New Year’s Resolutions on Terrorism: Panic, Politics, and the Prospects for Honesty in 2016

Broken resolutions are one of the key features of every American New Year’s celebration, and calling for integrity in an election year may be a particularly good way to ensure that any resolutions that follow will be broken early and often. Ever since the ISIS attacks in Paris, however, politics, the struggle for media visibility, and the business side of “selling” counterterrorism have all combined to turn a real but limited threat from terrorism into a form of panic.

Worse, they have combined to turn some aspects of counterterrorism into prejudice and bigotry against Muslims and Arabs. The end result has been calls for new measures that will actually serve the key objectives that movements like ISIS and Al Qaeda have in launching such attacks on the West. They will divide the West from the Muslim world and key Arab and Muslim partners in the fight against terrorism, and alienate the Muslim minorities in the United States and other Western and secular states.

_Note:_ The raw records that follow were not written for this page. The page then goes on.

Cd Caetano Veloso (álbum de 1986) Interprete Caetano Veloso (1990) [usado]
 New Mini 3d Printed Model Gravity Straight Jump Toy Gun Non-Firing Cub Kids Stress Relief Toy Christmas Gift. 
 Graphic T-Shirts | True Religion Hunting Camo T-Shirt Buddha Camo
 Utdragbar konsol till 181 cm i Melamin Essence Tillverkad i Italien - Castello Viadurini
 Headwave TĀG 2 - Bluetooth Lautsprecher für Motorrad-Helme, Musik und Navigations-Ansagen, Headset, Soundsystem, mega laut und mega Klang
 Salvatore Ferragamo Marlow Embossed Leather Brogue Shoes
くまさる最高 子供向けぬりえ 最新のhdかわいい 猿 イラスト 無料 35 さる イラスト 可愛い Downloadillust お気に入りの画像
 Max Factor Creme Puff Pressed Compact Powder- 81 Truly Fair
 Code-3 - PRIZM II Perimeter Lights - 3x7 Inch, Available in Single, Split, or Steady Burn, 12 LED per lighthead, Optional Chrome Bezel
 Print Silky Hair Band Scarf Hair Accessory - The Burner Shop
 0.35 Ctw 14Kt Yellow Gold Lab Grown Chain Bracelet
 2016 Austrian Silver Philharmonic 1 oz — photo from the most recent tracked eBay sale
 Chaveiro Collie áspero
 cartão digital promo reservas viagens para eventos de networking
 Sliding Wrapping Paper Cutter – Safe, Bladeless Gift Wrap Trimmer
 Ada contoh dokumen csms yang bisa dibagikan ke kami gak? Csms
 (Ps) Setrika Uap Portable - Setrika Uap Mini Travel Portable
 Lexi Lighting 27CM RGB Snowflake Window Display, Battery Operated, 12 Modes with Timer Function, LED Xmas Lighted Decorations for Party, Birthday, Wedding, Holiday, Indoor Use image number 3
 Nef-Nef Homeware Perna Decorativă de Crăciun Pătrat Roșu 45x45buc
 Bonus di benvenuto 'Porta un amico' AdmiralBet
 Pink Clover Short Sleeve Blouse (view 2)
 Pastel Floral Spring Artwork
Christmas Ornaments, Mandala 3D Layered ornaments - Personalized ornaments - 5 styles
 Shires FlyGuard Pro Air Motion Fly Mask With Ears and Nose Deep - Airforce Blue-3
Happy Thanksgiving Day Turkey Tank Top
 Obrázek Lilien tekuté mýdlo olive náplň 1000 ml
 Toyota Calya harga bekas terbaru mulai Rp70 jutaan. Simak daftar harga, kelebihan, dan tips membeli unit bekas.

This kind of opportunism not only mischaracterizes and exaggerates the threat, it aids terrorists and extremists, and this is one case where the United States and other Western states need to take the following four New Year’s resolutions seriously:

Stop exaggerating the threat: Terrorism is all too real and no one can deny that it repeatedly ends in tragedy. At the same time, it needs to be kept in proportion. The real world risks of terrorism in the United States fall short of virtually any other common cause of injury, death, and economic loss. To put these risks in perspective, the number of deaths from terrorism in the United States since 9/11 have been so low that Americans may well face a higher cumulative probability of dying from traffic accidents, food poisoning, crime and other causes if they celebrate a single New Year’s Eve than they do from terrorism over an entire year.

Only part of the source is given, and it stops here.